Work instructions> Pictures stay out of the output. Return exactly the lines below from the one with "Roses & Letters cover" down to the one with "Used 2022 Audi RS Q8 AWD/4WD image 3", both included, and nothing more.

####

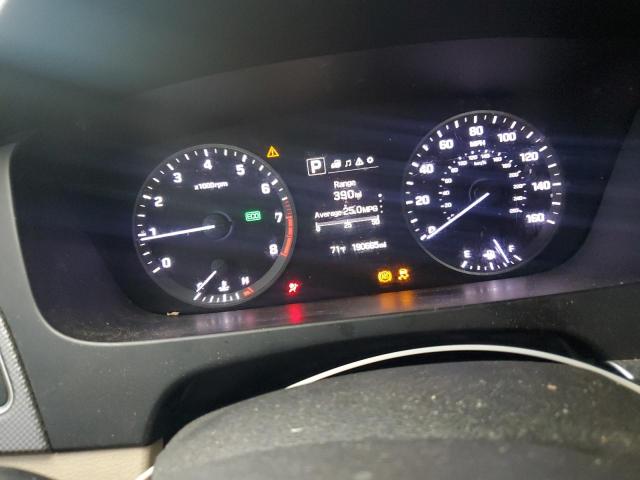 Photo 9 from auction – 2015 HYUNDAI SONATA SE with VIN 5NPE24AF3FH187028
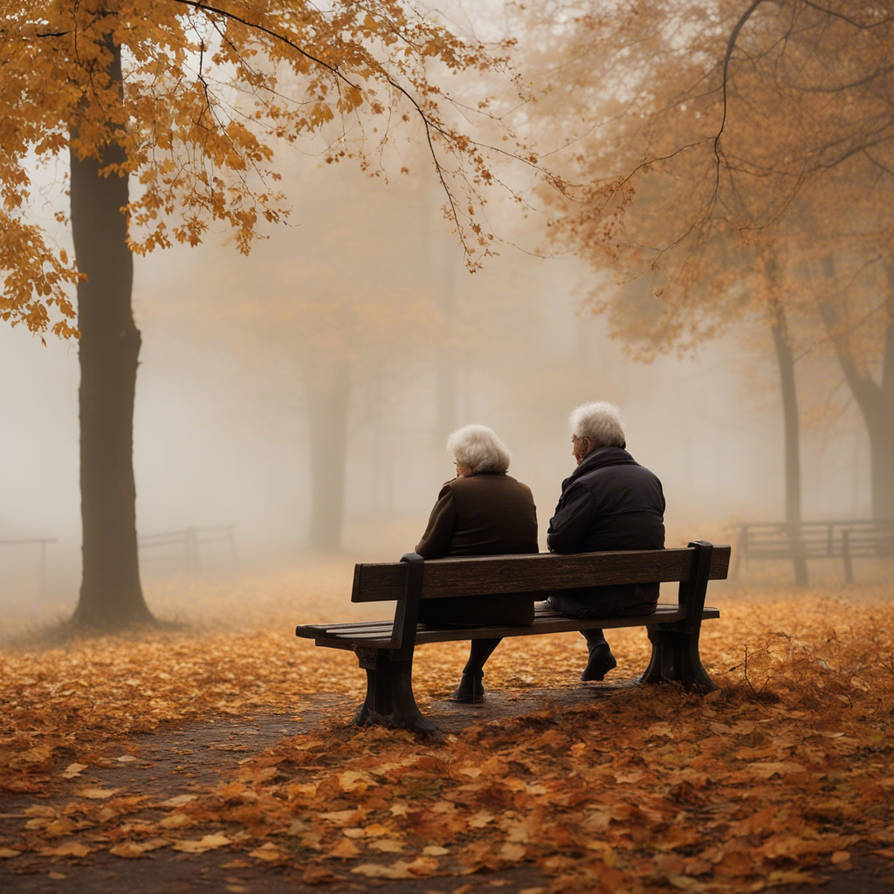 Let's grow old together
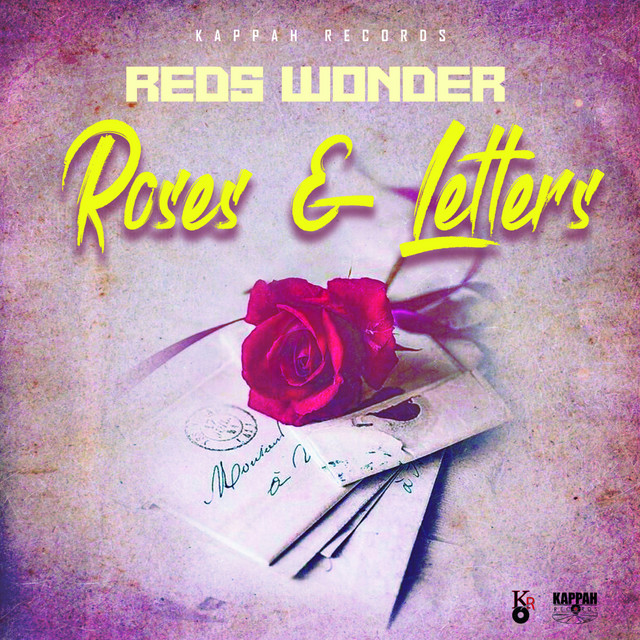 Roses & Letters cover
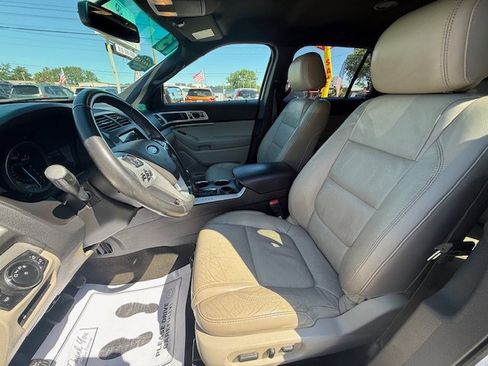 Used 2013 Ford Explorer XLT FWD image 5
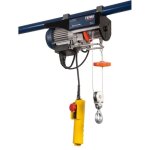 Palan à levier électrique 500 w ferm lhm1011 Palan à levier électrique 500 w ferm lhm1011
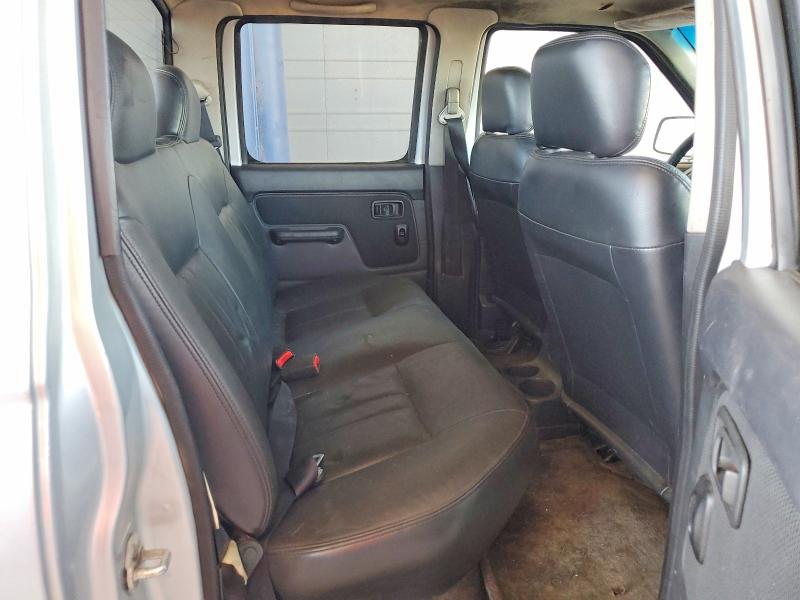 Aukcja sprzedaży 2001 Nissan Frontier, vin: 1N6ED27T31C356123, numer aukcji: 66779756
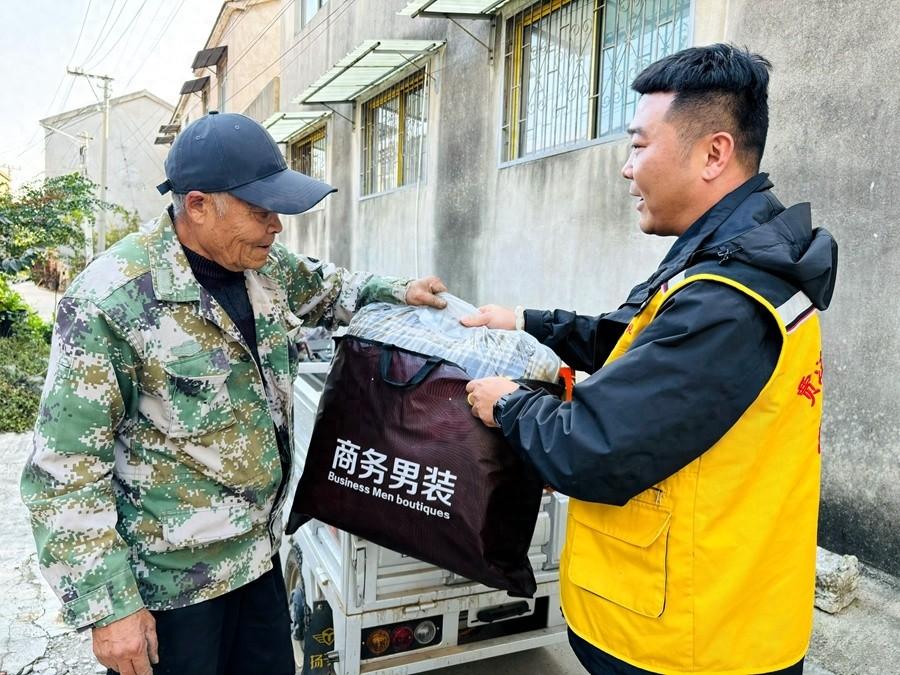江苏徐州贾汪区大泉街道：点亮群众微心愿，提升幸福感  第1张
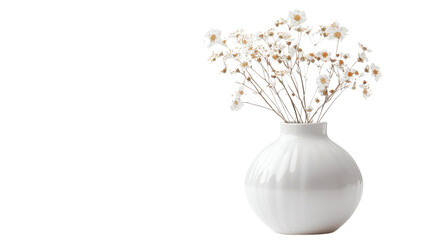 Ceramic vase transparent background © Michael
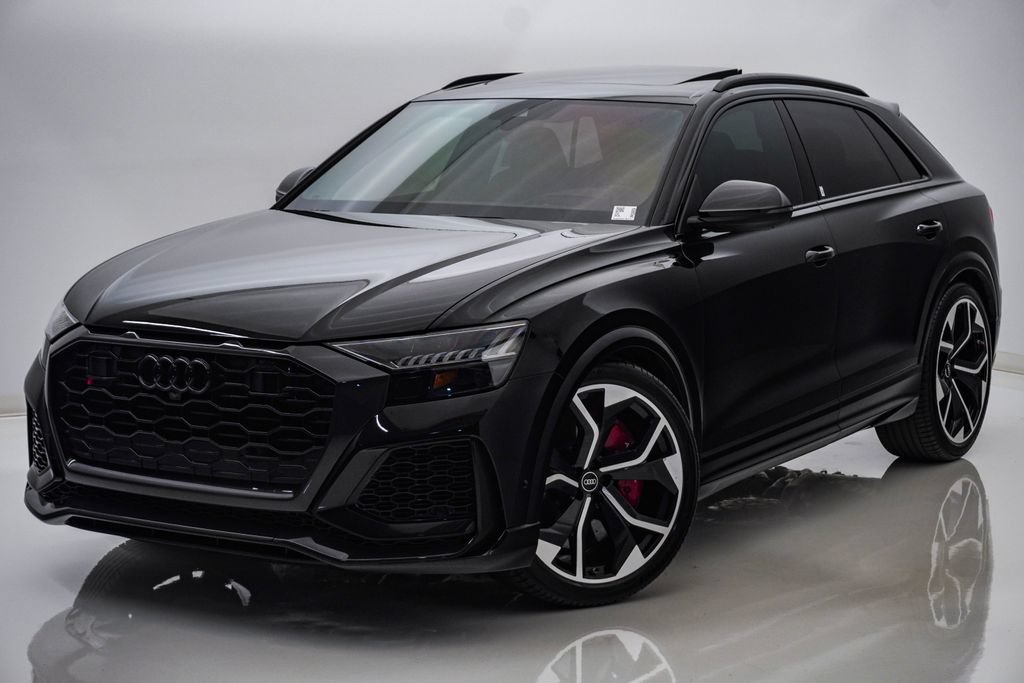 Used 2022 Audi RS Q8 AWD/4WD image 3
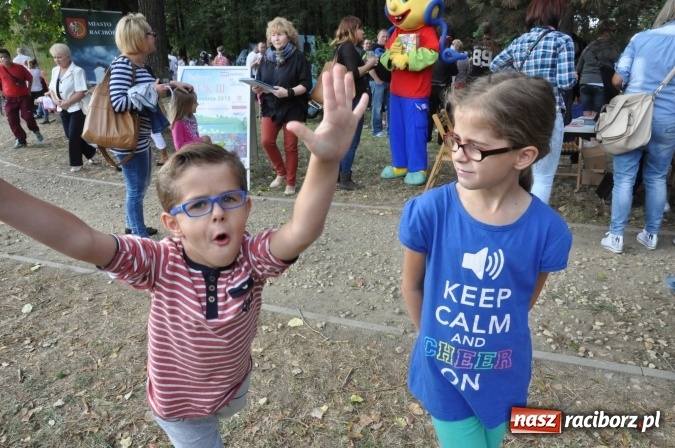 Zdjęcie w galerii na portalu naszraciborz.pl: Bajkowy Park - frekwencja przeszła nasze najśmielsze oczekiwania wiadomości z regionu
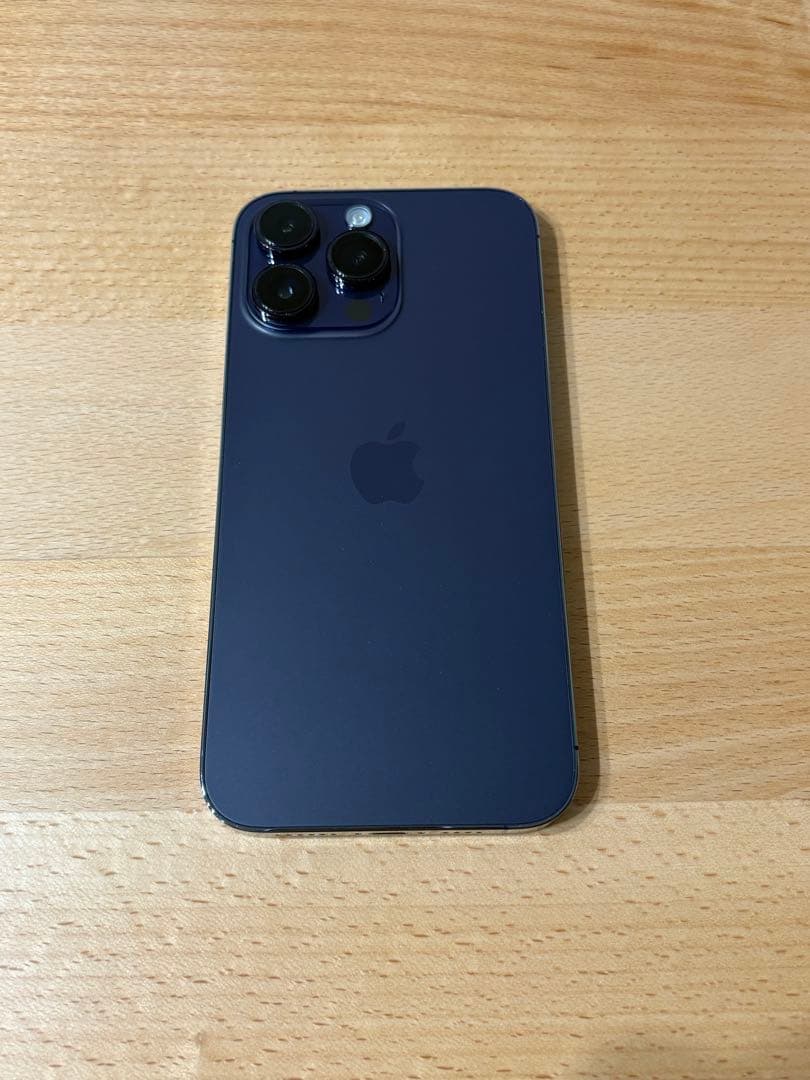 Apple iPhone 14 Pro max ディープパープル ジャンク品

####

Response>
 Roses & Letters cover
 Used 2013 Ford Explorer XLT FWD image 5
 Palan à levier électrique 500 w ferm lhm1011 Palan à levier électrique 500 w ferm lhm1011
 Aukcja sprzedaży 2001 Nissan Frontier, vin: 1N6ED27T31C356123, numer aukcji: 66779756
江苏徐州贾汪区大泉街道：点亮群众微心愿，提升幸福感  第1张
 Ceramic vase transparent background © Michael
 Used 2022 Audi RS Q8 AWD/4WD image 3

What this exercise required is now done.